BELLEVILLE – The Belleville Planning Board may continue considering on Jan. 9 the proposed replacement of “Old Belleville Hall” and adjacent Elks Lodge on Washington Avenue with a five story, 108-unit apartment building as was introduced at their Dec. 12 meeting.

Belleville Ventures LLC, in its Dec. 12 introduction, wants to replace the three-story hall at 258-60 Washington Ave. and the single-story lodge at 254-56 Washington with the said new building holding an overall 110 units. Those extra two units are for street level commercial-retail.

The replacement of the structures, which goes back 79 to 174 years, has been a long time coming. While the Belleville Elks had moved to merge with Kearny, “Old Belleville Hall,” which is surrounded by perimeter fencing, has been vacant for decades.

Belleville Hall, believed to have been built in 1850 and was used as a meeting place by various groups into the 1940s.

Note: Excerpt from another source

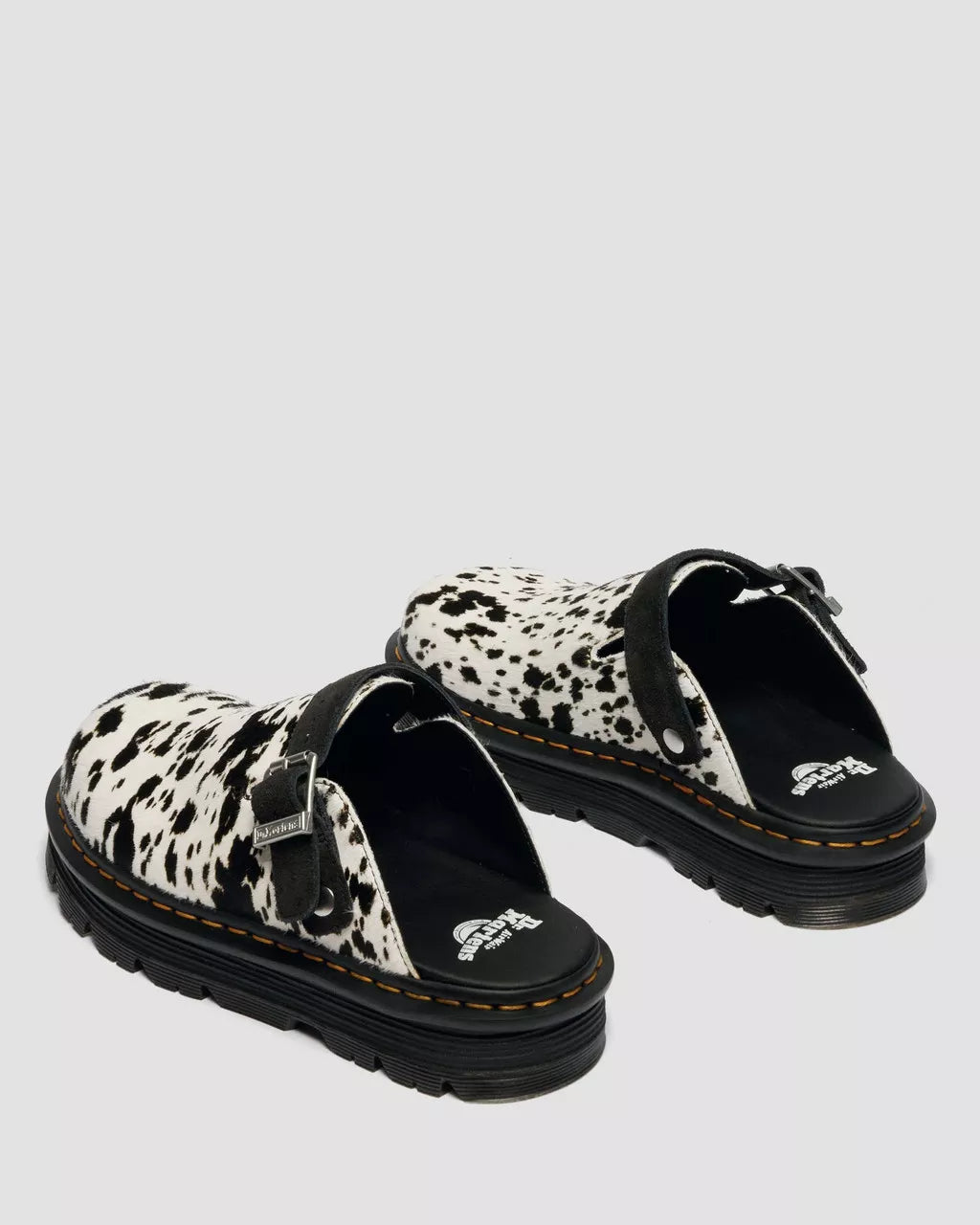 Dr. Martens Zebzag Mule Cream+Black Dalmatian Print Hair On – Sohle | PICK UP Düsseldorf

It was Belleville’s municipal building until the current Town hall opened in 1913. It continued as a place for sports and recreational teams since 1930 but was eventually rezone for commercial/retail use.

The Township Council had received the overall 254-60 Washington Ave. “Area in Need of Redevelopment” designation from the Township Council in 2023. It is part of the larger Washington Avenue Redevelopment Area created in 2022.  258-60 was bought for $800,000 in 2021. Belleville Ventures’ application also includes the vacant lot at 143 Valley St. behind it.

NUTLEY – Those who attend the to-be-announced memorial service for LSCW Theodora “Teddie” Blume McKee, who died after a short illness Dec. 28, will probably have as likely come from here as Montclair.

The Brooklyn-born McKee was a longtime Nutley Family Service Bureau social worker who fully retired in 2021 after “semi-retiring” in 1992.  McKee commuted from her just as lengthy residency in Montclair.

Brooklyn’s Abraham Lincoln High School Class of 1947 graduate came to the Nutley-Montclair area by way of New York University and marriage. The then-Theodora Blum had earned a bachelor’s degree in social work from NYU and was pursuing her masters there when she met Elmore “Mike” McKee. They married in 1957 and moved to Montclair to raise Seth and Daniel.

McKee more than threw herself into her NFSB social work when Mike died in 1999. The Montclair Adult School and YMCA regular ran book discussion groups at the Montclair Public Library into early 2024.

Three grandsons, a daughter, brother Henry Blum and sister Susan Linder are also among her survivors. Sister Frances Lewin predeceased her.